Não passam nem dois minutos, mais um toque. ...
Dessa vez é Hélio Doyle, chefe da Casa Civil, informando que o rombo nas contas do Distrito Federal pode passar da casa dos 4 bilhões de reais. Rollemberg está no apartamento da mãe, Teresa, na 206 Sul, onde viveu por vinte anos. Na sala, com clima de quartel-general político, há três mesas e 38 cadeiras. Uma das empregadas da casa oferece um café preto, ele diz que aceita, mas não sobra tempo para tomá-lo. Veste um terno azul três números acima de suas medidas e desce às pressas para fazer fotos nos pilotis do prédio. No caminho, pede a um assessor que comunique seu atraso para o próximo compromisso. Minutos depois, ele some de vista a bordo de um Fiat Freemont particular. É nesse corre-corre que o mais novo comandante do Distrito Federal se aquece para encarar o maior desafio de sua vida a partir de quinta (1º): tirar Brasília do buraco. Com saldo negativo e afogado em dívidas públicas, o Palácio do Buriti tornou-se uma bomba prestes a explodir. Sem dinheiro no caixa, será quase impossível o governador realizar, a curto prazo, suas principais promessas de campanha. Nesse contexto, manter serviços básicos num primeiro momento já começa a soar um grande feito diante de sucessivos calotes em áreas como transporte, saúde, educação e cultura. Uma das seis empresas que fazem a coleta de lixo, por exemplo, tem para receber cerca de 80 milhões de reais, soma de atrasos nos repasses desde setembro. Com essa dívida em aberto, ver caminhões de limpeza nas ruas tornou-se algo raro.
Do alto de seus 55 anos, o político de 1,75 metro de altura e voz mansa sabe bem o tamanho da encrenca que o aguarda. Apesar de ter nascido no Rio de Janeiro e ter pais sergipanos, ele chegou a Brasília com menos de 12 meses de vida. Dono de quase nenhuma experiência em gestão pública, construiu a sua carreira aqui por força das circunstâncias. Foi assim que conseguiu o seu primeiro emprego na capital, aos 20 anos. O pai, Armando Sobral Rollemberg, na época ministro do Tribunal Federal de Recursos, pediu ao amigo e ex-senador Augusto Franco, um poderoso usineiro sergipano, que alocasse o filho no Senado. Armando tinha um forte motivo para recorrer ao conterrâneo. O jovem estudante já namorava Márcia Helena e ela estava grávida aos 18 anos. Quando contou ao pai que sua garota esperava um bebê, ele levou uma bronca tão enérgica que os berros do patriarca eram ouvidos nos pilotis do prédio. “Como você vai sustentar um filho sem trabalhar?”, indagou Armando.
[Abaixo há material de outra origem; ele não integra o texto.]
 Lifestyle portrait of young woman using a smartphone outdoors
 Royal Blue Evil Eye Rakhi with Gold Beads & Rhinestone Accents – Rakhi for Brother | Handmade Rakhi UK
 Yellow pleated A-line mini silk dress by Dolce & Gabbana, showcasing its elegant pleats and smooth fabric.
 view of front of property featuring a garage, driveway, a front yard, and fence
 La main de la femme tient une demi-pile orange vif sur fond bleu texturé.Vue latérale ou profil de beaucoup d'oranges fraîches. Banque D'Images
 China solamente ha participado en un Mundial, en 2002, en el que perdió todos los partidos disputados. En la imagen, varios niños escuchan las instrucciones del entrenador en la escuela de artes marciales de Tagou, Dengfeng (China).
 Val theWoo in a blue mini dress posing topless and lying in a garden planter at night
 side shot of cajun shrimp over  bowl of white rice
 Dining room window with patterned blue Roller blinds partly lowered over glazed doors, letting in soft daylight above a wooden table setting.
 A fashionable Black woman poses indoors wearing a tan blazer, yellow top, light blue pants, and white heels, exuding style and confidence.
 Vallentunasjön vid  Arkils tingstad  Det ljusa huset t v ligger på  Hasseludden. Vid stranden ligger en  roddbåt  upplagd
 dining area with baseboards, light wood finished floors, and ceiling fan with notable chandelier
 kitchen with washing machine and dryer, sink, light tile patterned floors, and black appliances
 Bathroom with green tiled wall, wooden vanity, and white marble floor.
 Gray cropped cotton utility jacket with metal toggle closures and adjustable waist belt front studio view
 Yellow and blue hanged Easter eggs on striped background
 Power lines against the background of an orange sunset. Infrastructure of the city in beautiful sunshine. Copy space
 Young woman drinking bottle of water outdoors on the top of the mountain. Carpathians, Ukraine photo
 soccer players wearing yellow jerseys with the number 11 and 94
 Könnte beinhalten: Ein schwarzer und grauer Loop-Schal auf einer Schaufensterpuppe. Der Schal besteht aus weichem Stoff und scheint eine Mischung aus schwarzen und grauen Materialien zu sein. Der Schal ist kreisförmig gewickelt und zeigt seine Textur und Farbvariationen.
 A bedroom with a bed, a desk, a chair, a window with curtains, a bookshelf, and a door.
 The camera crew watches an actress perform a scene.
Márcia Helena, lá embaixo, escutou tudo. O dramático momento só ganhou ares mais tranquilos garantiu a Rollemberg o posto vitalício que lhe rende — quando está no batente — um salário de 30 000 reais. Cinco anos depois, viria o estreitamento com a política na sua filiação ao PSB. Em 1990, ele disputou e perdeu sua primeira eleição para deputado distrital. Não esmoreceu. No pleito seguinte, enfrentou as urnas e fracassou de novo, mas acabou como primeiro suplente do deputado Wasny de Roure (PT). Como a sorte e Rollemberg andam de mãos dadas, o petista foi convidado para ser secretário da Fazenda do governo de Cristovam Buarque e abriu caminho para o socialista se sentar numa cadeira de deputado distrital. Esse primeiro caminho, trilhado por coincidências, faz com que os amigos mais próximos digam que ele nasceu de quina para a lua.
Segundo vários analistas políticos, acreditar que Rollemberg se tornou governador com um grande empurrão do destino também faz muito sentido. No início da corrida eleitoral, ele nem sequer era apontado como um dos favoritos. Estava bem atrás de José Roberto Arruda (PR) e Agnelo Queiroz (PT). Só depois que Arruda foi expurgado do certame pela Justiça, sua candidatura ganhou fôlego. No segundo turno, com o governador e a máquina estatal fora de combate, ele enfrentou um Jofran Frejat (PR) enfraquecido pelo pouco tempo de campanha e pela estreita ligação com um ficha-suja. Em todo esse processo, outro fato inesperado oxigenou muito o nome de Rollemberg: a morte do candidato à Presidência da República Eduardo Campos (PSB). A tragédia acabou turbinando a campanha do socialista e deu a ele a visibilidade de que precisava para deslanchar. Um ano atrás, quando se desenhava o projeto de fazê-lo governador, quase ninguém apostava nele como uma liderança robusta no DF. Nem mesmo o próprio, que vinha de um mandato pouco expressivo no Senado. Agora, com a ideia de renovação pairando sobre o político, existe gente dentro do PSB que sonha alto e já traça planos para uma possível candidatura à Presidência da República (veja o quadro no final da matéria).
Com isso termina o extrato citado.